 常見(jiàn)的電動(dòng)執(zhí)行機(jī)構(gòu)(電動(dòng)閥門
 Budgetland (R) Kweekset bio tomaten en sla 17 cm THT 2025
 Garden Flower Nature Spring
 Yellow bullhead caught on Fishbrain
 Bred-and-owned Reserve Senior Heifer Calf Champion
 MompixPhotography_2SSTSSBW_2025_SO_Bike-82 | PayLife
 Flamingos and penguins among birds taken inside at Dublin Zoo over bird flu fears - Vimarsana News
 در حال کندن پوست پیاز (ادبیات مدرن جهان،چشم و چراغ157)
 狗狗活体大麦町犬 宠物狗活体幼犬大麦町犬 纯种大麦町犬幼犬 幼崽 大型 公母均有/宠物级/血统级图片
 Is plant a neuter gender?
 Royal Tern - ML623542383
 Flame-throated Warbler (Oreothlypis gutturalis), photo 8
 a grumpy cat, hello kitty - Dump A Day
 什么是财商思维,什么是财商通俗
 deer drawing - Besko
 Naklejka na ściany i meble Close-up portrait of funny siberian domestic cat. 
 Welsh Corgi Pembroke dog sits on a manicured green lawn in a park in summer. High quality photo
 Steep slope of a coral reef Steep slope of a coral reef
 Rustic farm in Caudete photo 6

================================

§ TASK DIRECTIONS
For this exercise, restate each of the entries without any deviation.

§ WRITTEN REPLY
 常見(jiàn)的電動(dòng)執(zhí)行機(jī)構(gòu)(電動(dòng)閥門
 Budgetland (R) Kweekset bio tomaten en sla 17 cm THT 2025
 Garden Flower Nature Spring
 Yellow bullhead caught on Fishbrain
 Bred-and-owned Reserve Senior Heifer Calf Champion
 MompixPhotography_2SSTSSBW_2025_SO_Bike-82 | PayLife
 Flamingos and penguins among birds taken inside at Dublin Zoo over bird flu fears - Vimarsana News
 در حال کندن پوست پیاز (ادبیات مدرن جهان،چشم و چراغ157)
 狗狗活体大麦町犬 宠物狗活体幼犬大麦町犬 纯种大麦町犬幼犬 幼崽 大型 公母均有/宠物级/血统级图片
 Is plant a neuter gender?
 Royal Tern - ML623542383
 Flame-throated Warbler (Oreothlypis gutturalis), photo 8
 a grumpy cat, hello kitty - Dump A Day
 什么是财商思维,什么是财商通俗
 deer drawing - Besko
 Naklejka na ściany i meble Close-up portrait of funny siberian domestic cat. 
 Welsh Corgi Pembroke dog sits on a manicured green lawn in a park in summer. High quality photo
 Steep slope of a coral reef Steep slope of a coral reef
 Rustic farm in Caudete photo 6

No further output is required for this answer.